Sean Price Williams não é um nome imediatamente reconhecível do cinéfilo comum (cortesia de um panorama que fomenta o culto do autor e, em certa medida, dos atores e atrizes, enquanto desdenha o trabalho valoroso dos restantes membros da equipa técnica). No entanto, encontramos nele uma referência fundamental do cinema independente norte-americano contemporâneo e, em particular, da sua estética.

Sean é o diretor de fotografia dos irmãos Josh e Benny Safdie, de Alex Ross Perry, de Michael Almereyda, recentemente, até começou a acompanhar Abel Ferrara nas duas deambulações fílmicas. Resumidamente, o universo dos mavericks que definiram a perspetiva comum de um cinema de produção marginal que, nalguns casos (como o dos Safdie), tem conquistado um lugar no mainstream, passa inevitavelmente pela sua lente.

“A Doce Costa Leste”, a sua primeira longa-metragem enquanto realizador, nasce da colaboração com o crítico Nick Pinkerton e surge no momento ideal, com um contencioso ciclo eleitoral a expor às crescentes clivagens ideológicas que dividem a sociedade norte-americana atualmente, tema que, aliás, já serviria de base a um dos filmes mais falados de 2024, “Guerra Civil”, de Alex Garland, com o qual “A Doce Costa Leste” faria uma belíssima sessão dupla.

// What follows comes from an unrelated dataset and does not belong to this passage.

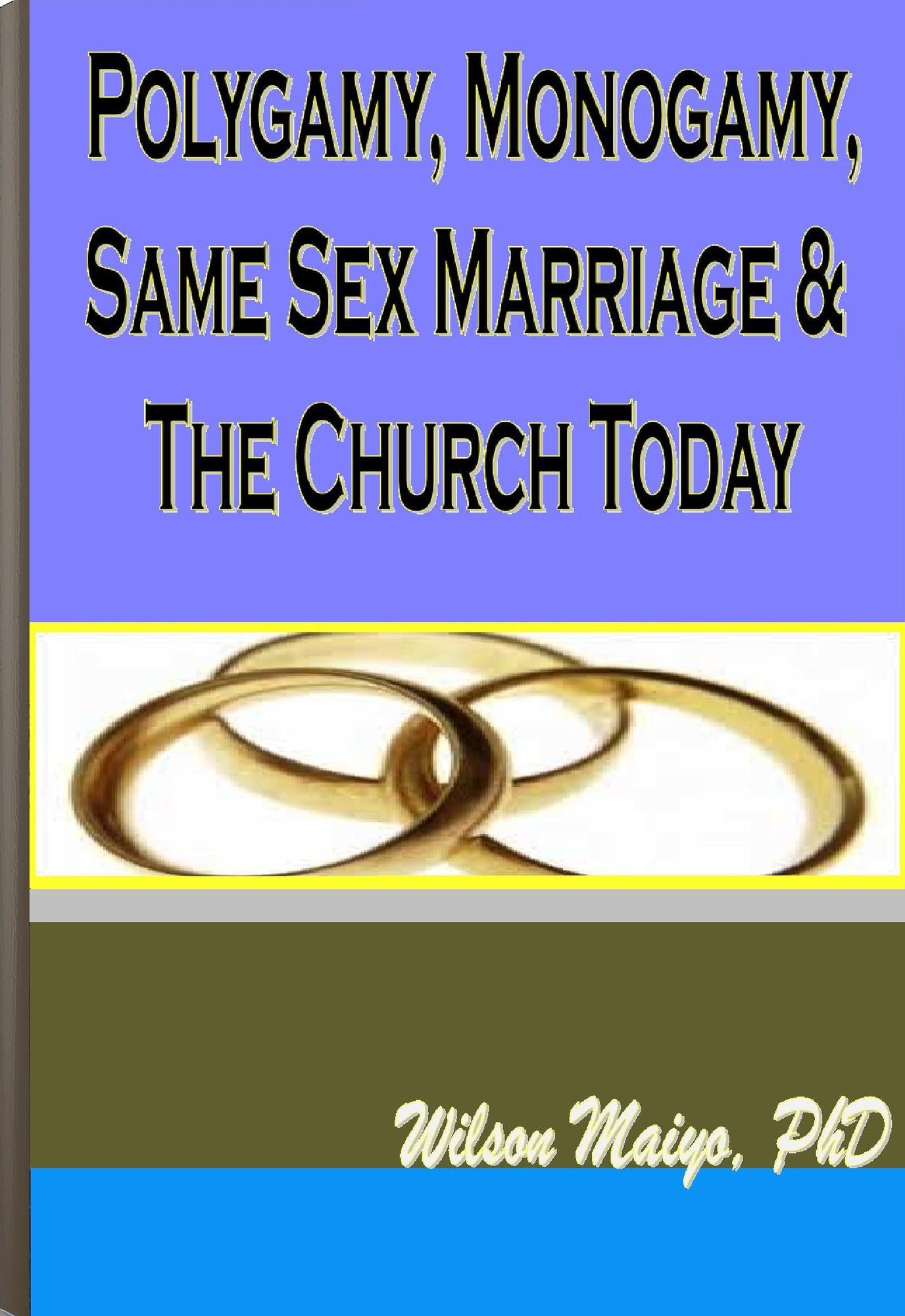 Polygamy, Monogamy, Same Sex Marriage & The Church Today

“Vá lá, é só um filme.” Ouvimos no princípio e no fim, sinalizando o tom brincalhão que Williams e Pinkerton procuraram atingir, oscilando entre a fábula (imaginemos uma “Alice no País das Maravilhas” numa América tão burlesca que nem é necessário fazer sublinhados estéticos ou narrativos) e o realismo. O conceito é simples, Lilian (Talia Ryder) é uma jovem, proveniente de um vilarejo anónimo, algures no interior dos EUA. Um dia, vai com os colegas de turma maioritariamente imbecis numa visita de estudo a Washington. Eventualmente, vê-se no lugar errado, à hora errada (não desvendamos o que acontece ao certo, mas adiantamos que refere um momento rocambolesco da história norte-americana recente) e resolve fugir.

Assim, começa um périplo pela América, cruzando-se com uma multiplicidade de personagens (protestantes da ANTIFA, um professor universitário com simpatias nazis, uma cineasta e o seu produtor, uma vedeta de Hollywood e até um campo recreativo de homens com interesses… peculiares), que representam as distintas faces de uma nação em guerra consigo mesma, dividida por questões que podem, afinal, ser irreconciliáveis, quanto mais não seja, porque todos os Impérios caiem eventualmente.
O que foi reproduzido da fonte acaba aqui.